You may not have heard about it. I hadn’t until last night. But today in Albuquerque, New Mexico, city residents are voting on the Pain Capable Unborn Child Protection Ordinance — a measure that would, according to National Right to Life News, “protect pain-capable unborn children from death by abortion.”
This would mean a late-term (20 weeks gestation and later) abortion ban in the city that is considered the “late-term abortion capital of the country.” Over $177,000 in taxpayer dollars were spent on abortions in Albuquerque in 2012 alone. The city is almost 50% Hispanic. Following voter demographics, this means it leans significantly Democratic. Those opposed to the ban are outspending pro-lifers by a factor of 4-1 in their attempts to canvass the city and influence public opinion. It is the first time in America that residents of a city will have the opportunity to vote directly on this issue, and it has become a battleground for hearts and minds.
Despite all of this, something strange is happening: supporters of the ban are winning. From the Washington Free Beacon:
[A] September poll taken by the Albuquerque Journal found that voters supported the ban 54-39, making late term abortion less popular among residents than Mitt Romney was in 2012. Nearly 60 percent of Hispanic voters supported the ban, as did 35 percent of Democrats.
“When voters are confronted with the reality of late term abortion, they recoil at that,” Buchanan says by way of explaining the poll results.
But that was before the flood.
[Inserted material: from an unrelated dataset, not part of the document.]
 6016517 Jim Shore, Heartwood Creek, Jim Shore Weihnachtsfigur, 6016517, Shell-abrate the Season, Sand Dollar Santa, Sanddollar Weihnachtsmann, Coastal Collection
Planned Parenthood, the ACLU, NARAL, and Organizing for America have quietly dumped more than $800,000 into Albuquerque, controlling a near monopoly on television advertising. Professional activists have been bused in from Arizona and Colorado to help union members canvass Albuquerque neighborhoods using the technology that carried Obama to victory in 2012.
The ban’s supporters are being outspent 4-1 even with a last-minute, six-figure push from Susan B. Anthony List. And that’s not their only disadvantage. At one point I asked volunteer coordinator Peter Zeikus about the phone bank.
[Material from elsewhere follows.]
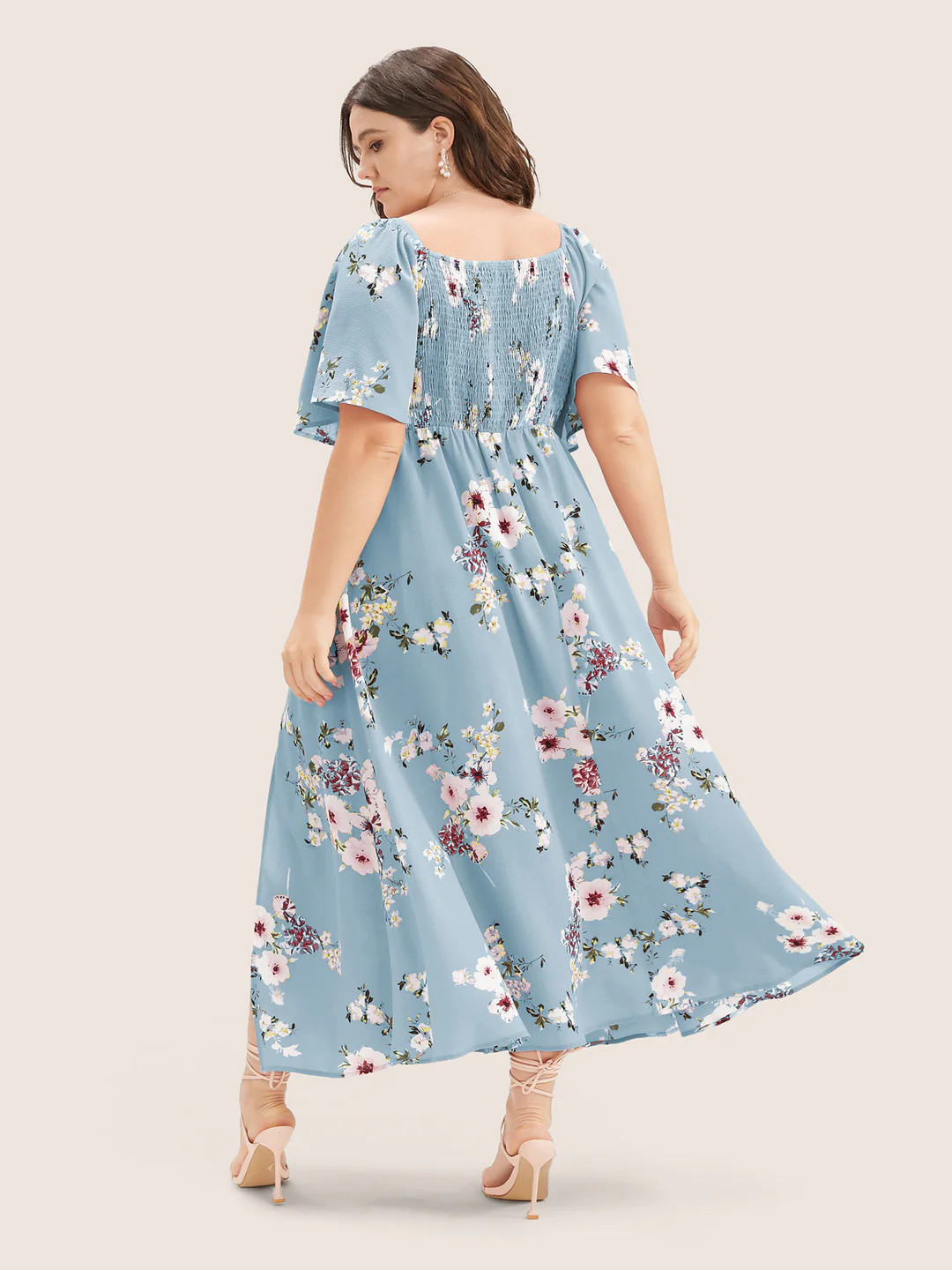 Floral Square Neck Ruffles Pocket Shirred Split Dress | Bloomchic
“We’ve got the most advanced system in the world working for us. It’s called I-360—the same one McCain used,” he says.
Susan B. Anthony List campaign manager Andy Blom is fond of saying, “They may be bigger than us, but they’re faster too.”
Nine months ago the ballot initiative was a fantasy shared by four people. The idea sprang up in February 2013 when former political strategist Elisa Martinez pitched Catholic activist Sarah Wilson and “anti-abortion ambassadors” Bud and Tara Shaver on the concept of putting the fetal pain ban to a popular vote. They began knocking on doors to gather the necessary 12,100 signatures to get on the ballot in late spring. They turned in 27,000 in August.
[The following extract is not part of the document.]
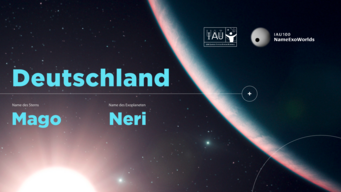Banner für das Ergebnis der deutschen Exoplaneten-Namen-Abstimmung – verschiedene Versionen zum Herunterladen siehe unten Banner für das Ergebnis der deutschen Exoplaneten-Namen-Abstimmung – verschiedene Versionen zum Herunterladen siehe unten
“We have a core group of dedicated supporters that’s spent 12 hours a day to reach voters in the city for months,” Martinez says. “People, even pro-choice people, realize there’s something wrong with the killing of babies that are viable or on the cusp of viability.”
This fight is far from over. National Right to Life News reported yesterday that there had already been significantly more early-voting activity than there was in the the mayoral race:
The office of the Albuquerque city clerk said almost 44,000 Albuquerque voters have already cast ballots early in person, “twice as high as the mayoral election where 21,000 voters cast early ballots in what turned out to be a low-turnout election,” according to the New Mexico Telegram.There is no reason to doubt that the final tally will be extremely close.
We need to pray for the people of Albuquerque, that they will be open to truth and that they will vote to defend the defenseless. If you know anyone in Albuquerque, find out if they are aware of this issue and urge them to get out and vote.
This ballot initiative is of national importance. Allowing people to vote directly on such bans really brings the abortion issue to the doorstep of the individual citizen. If the vote for the ban succeeds — particularly in a city as deeply pro-abortion as Albuquerque — would set the stage for similar successful initiatives in cities across America.
I’ve said for a while that I believe the tide is turning on this issue. Local elections like this are where the larger victory starts.